Reappraising UN Military Interventions

Issues Details: 
Vol 10 Issue 1 March - April 2016
Page No.: 
Vinod Saighal
Friday, March 11, 2016

Fresh thought needs to be given to UN military interventions in the light of what is happening in the Middle East and around the globe. There have been many such interventions in the second half of the twentieth century, running the gamut from large-sized interventions to small-scale ones. A majority of the earlier UN interventions took place in the “finding their feet” period of the newly independent nation states of the post-colonial period, after the end of the Second World War. The situation was exacerbated by the cold fog that settled in soon thereafter and which took nearly half a century to lift. What passed for consensus in the Security Council resolutions were essentially trade-offs between the major cold warriors who treated the UN as an extension of their proxy military rivalries being fought out in so many theatres.

UN military interventions of the twenty-first century have often turned out to be different from the peace keeping operations of the earlier post-war decades or the peace enforcement operations of the last decade of the twentieth century. To begin with the nature of warfare itself has undergone significant modifications, especially in Africa where many of the twentieth century interventions took place. A number of the nation states, or at least a majority of them, have settled in after long struggles, while other feuds have resurfaced. In either case the native military establishments involved in the struggles have developed considerable military prowess of a type that they have put paid to a modern day ‘Clive syndrome’ , wherein a few well-armed European mercenaries could help turn the tide in the countries in which they intervened; often facilitating outright takeovers.
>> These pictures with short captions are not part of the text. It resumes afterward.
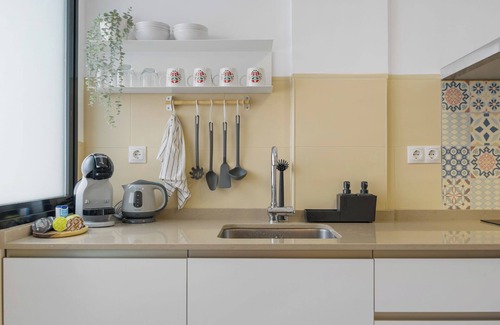 Ojen Apartment | Unwind at Dúplex Mar y Montaña with Family-Friendly Amenities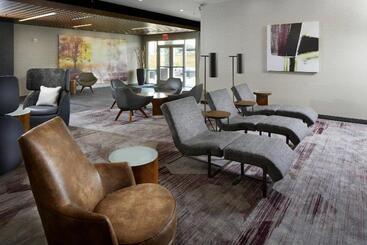 هتل Courtyard By Marriott Houston Intercontinental Airport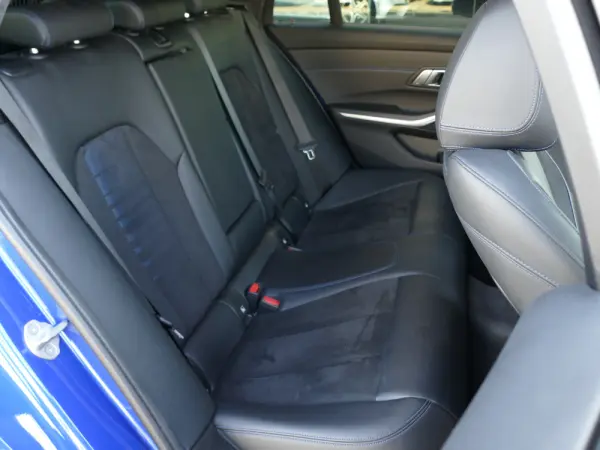 BMW 330 e Pack Desportivo M Auto 32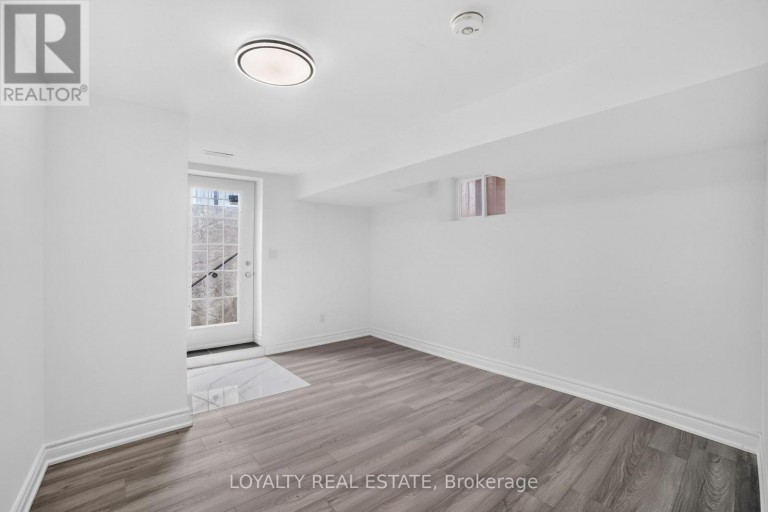 5 SOUTHAM STREET, Ajax (Central East), Ontario, L1Z1R6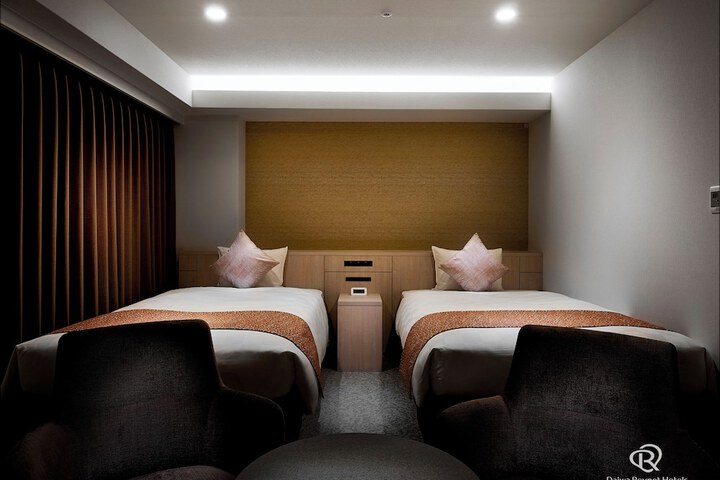 Room 9 of 48
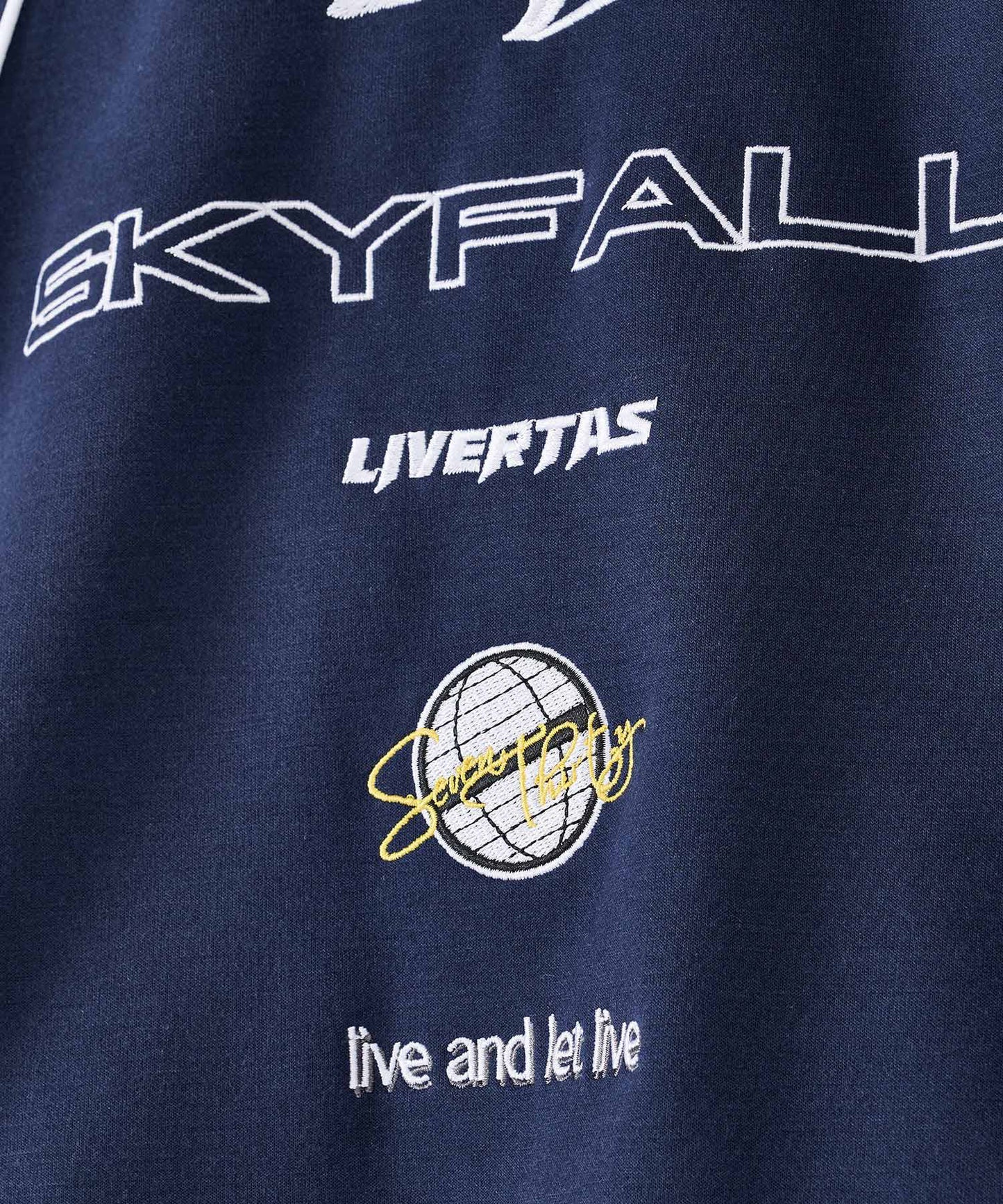 パイピングデザインパーカー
Another factor that is influencing military interventions relates to the global increase in what can be termed as the ‘Ambient Lethality Index” (ALI). The ALI of the twenty-first century, which continues to increase with each passing year, will not only affect UN peace keeping operations, whatever be their nature, but law enforcement operations almost everywhere in the world unless a democratized UN is able to bring  about a sea change in transfer and sale of lethal weapons. The desired change can only be brought in through interactive harmony and not through selective (coercive) measures

The selective application of curbs, grandiloquently termed as ‘sanctions’, has muddied the waters of global harmonization. It has removed the rational base for international interaction. If the trend remains unchecked it could eventually undermine the very concept of jurisprudence on which the democratic functioning of human society is based.

There is a perceivable dilution in the respect and sanctity for protocols entered into. In the global arms bazaar, everything is available, at a price. Sanctions thereby reduce to becoming an irritant which merely serve to hike up the price. The result is there for anyone to see. It is reflected in the enhanced ALI. The arsenals of ordinary criminal gangs now include bazookas, grenades and secure communications. Going still further to terrorist groups and drug cartels the weapons sophistication has appreciated to include IEDs, mines, bazookas, night-vision devices, high powered boats, helicopters, aircraft, midget submarines and an host of other sophisticated devices which even many of the law enforcement agencies do not possess.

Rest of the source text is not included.